EX-99.A.1.N 14 g91404iexv99waw1wn.htm NOTICE TO PARTICIPANTS EX-(A)(1)(N)
 

Exhibit (a)(1)(N)

November 3, 2004

Dear Long-Term Incentive Plan (LTIP) Participant:

As you may know, Cox Enterprises, Inc., through its wholly-owned subsidiary Cox Holdings, Inc., (“CEI”) and Cox Communications, Inc. (“CCI”) have commenced a tender offer to acquire all outstanding shares of Class A common stock of CCI not owned by CEI for cash at a price of $34.75 per share, upon the terms and subject to the conditions explained in the enclosed Offer to Purchase dated November 3, 2004 (such terms and conditions are the “Offer”). A copy of the Solicitation/ Recommendation Statement on Schedule 14D-9 for CCI is also enclosed which sets forth, among other things, the recommendation by the CCI Board of Directors that CCI stockholders accept the Offer and tender their shares. You are advised to read the Offer to Purchase and the related Solicitation/ Recommendation Statement included in these materials because they contain important information.

Once the Offer is completed, assuming all of the conditions to such completion are satisfied or waived, a merger will follow, which will result in CCI becoming a privately-owned subsidiary of CEI, with CCI’s shares no longer publicly traded. In connection with the Offer and subsequent merger, your LTIP awards will be handled as indicated below.

Your Restricted Stock
Because of transfer restrictions on shares of restricted stock (i.e., shares that have not vested or do not vest on or before the expiration date of the Offer), these shares cannot be tendered as part of the Offer. However, as part of the merger, CCI will purchase all outstanding shares of restricted stock (even if unvested). As a holder of restricted stock you will receive a cash payment equal to the merger price ($34.75) multiplied by your number of shares of restricted stock, less applicable taxes. Unless you exercise your right to have your shares appraised by the Delaware Court of Chancery and to receive payment as described in the “Appraisal Rights” section of the enclosed Offer to Purchase, Cox’s LTIP administrator, Wachovia, will send your payment as promptly as practicable following the merger, and this payment, which will be treated as ordinary income as of the effective date of the merger, will be net of applicable taxes.
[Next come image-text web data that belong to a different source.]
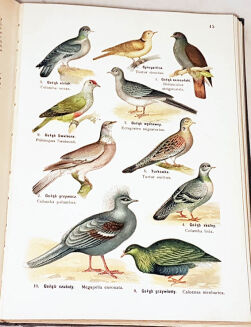 LAMPERT- ATLAS PAŃSTWA ZWIERZĘCEGO T.1-3 - 9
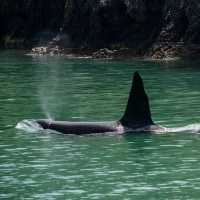 阿卡羅阿的海豚奇遇：與友善的海洋生物親密接觸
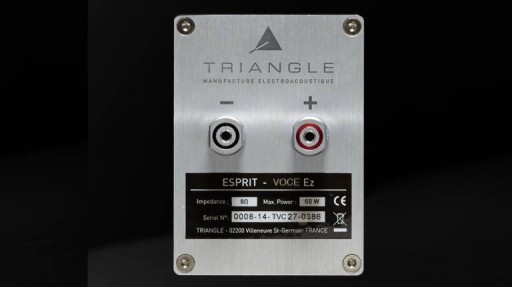 Центральная колонна Triangle Esprit Voce EZ White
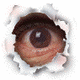 Icon_'s Avatar
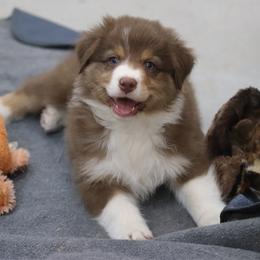 Stetson - Red tri-color male Australian Shepherd puppy in Bagley, Iowa from Diamond M Aussies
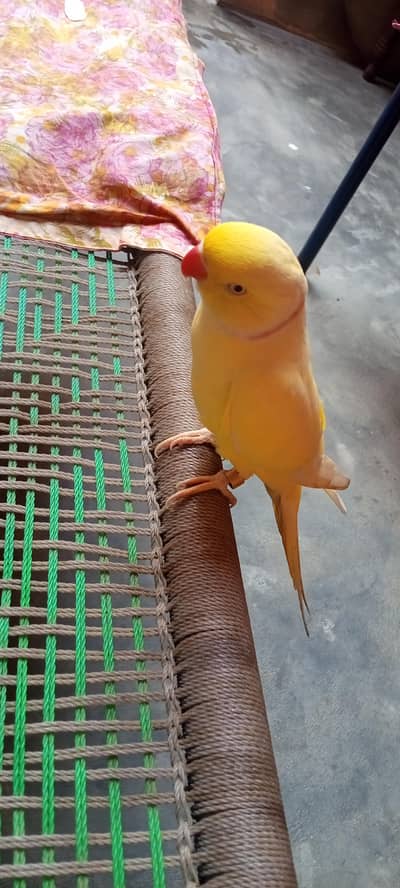 Beautiful Yellow Ringneck Parrot for Sale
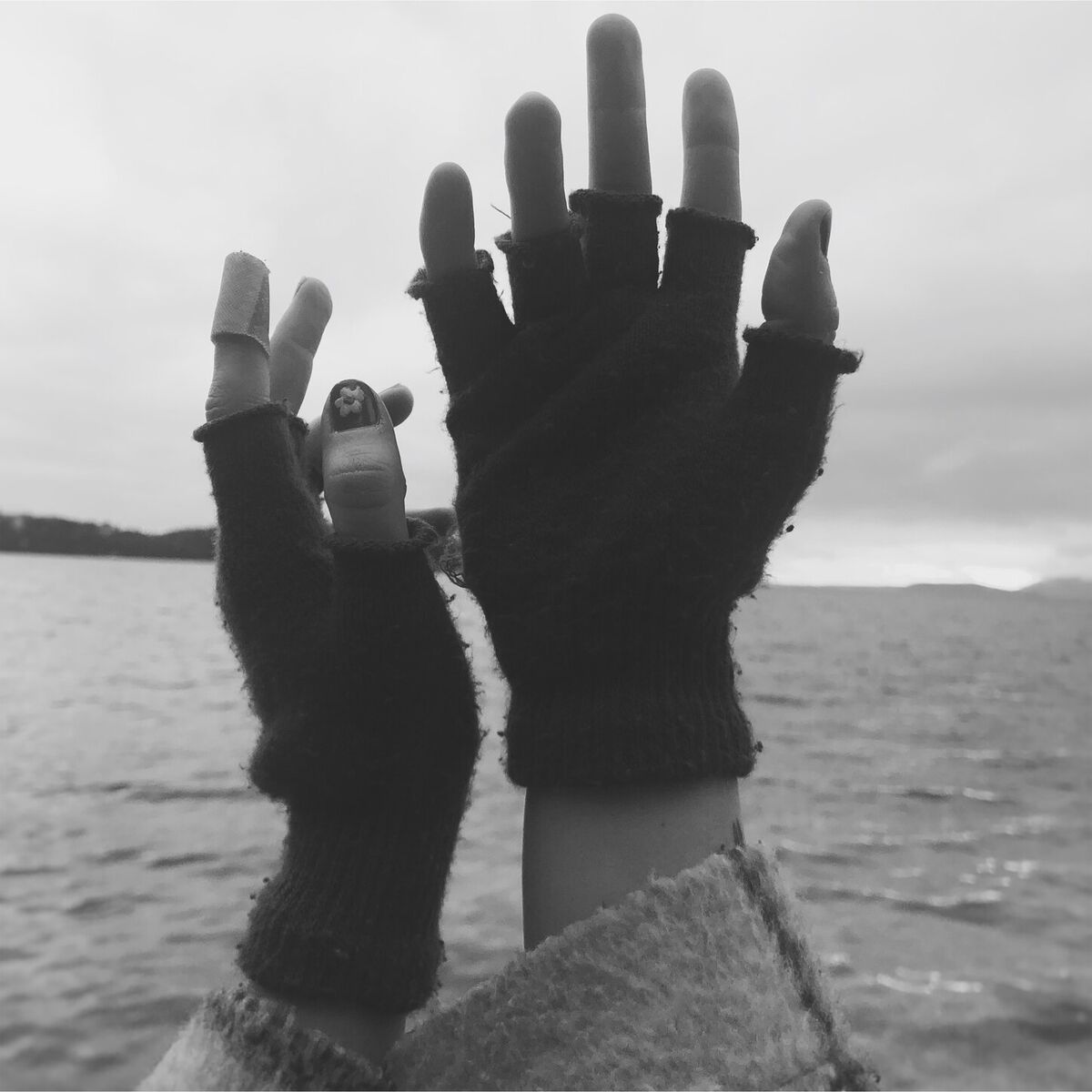 Album cover of Hands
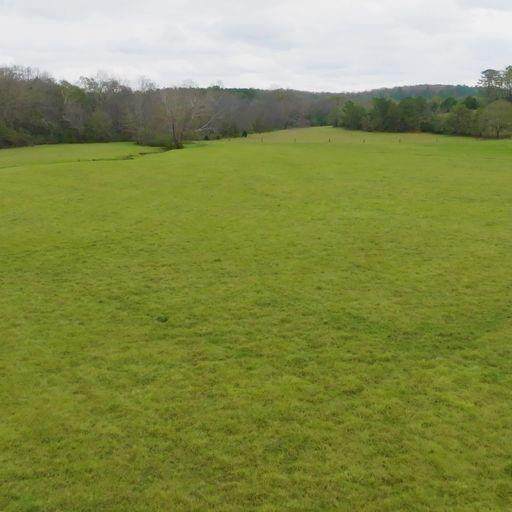 360 Saint Paul Road - Photo 1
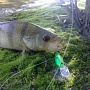 Bevy Shad   ,  .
Action Required: The enclosed “Restricted Stock Statement” lists all of your outstanding shares of restricted stock. The only action required on your part is to FAX the enclosed “Long Term Incentive Plan Payment Instruction Form” to Stacy Hisman at (678) 645-1091 prior to midnight Eastern Time on December 2, 2004. You will receive e-mail confirmation following receipt by Cox.

Your Vested Stock Options
If you hold a vested stock option, you are free to exercise that option in accordance with its terms and then tender the CCI shares you receive in the Offer. CCI has agreed that following the completion of the tender offer and subsequent merger, if you hold options that are vested and in-the-money (i.e., with an exercise price lower than $34.75 per share), CCI would make a cash payment in respect of the cancellation of any vested in-the-money CCI stock options at the election of the holder of such options. This election must be made with respect to all of a holder’s vested in-the-money options. A holder of vested in-the-money options would receive a cash payment equal to the difference between $34.75 per share and the exercise price for each option, multiplied by the number of options, less applicable taxes.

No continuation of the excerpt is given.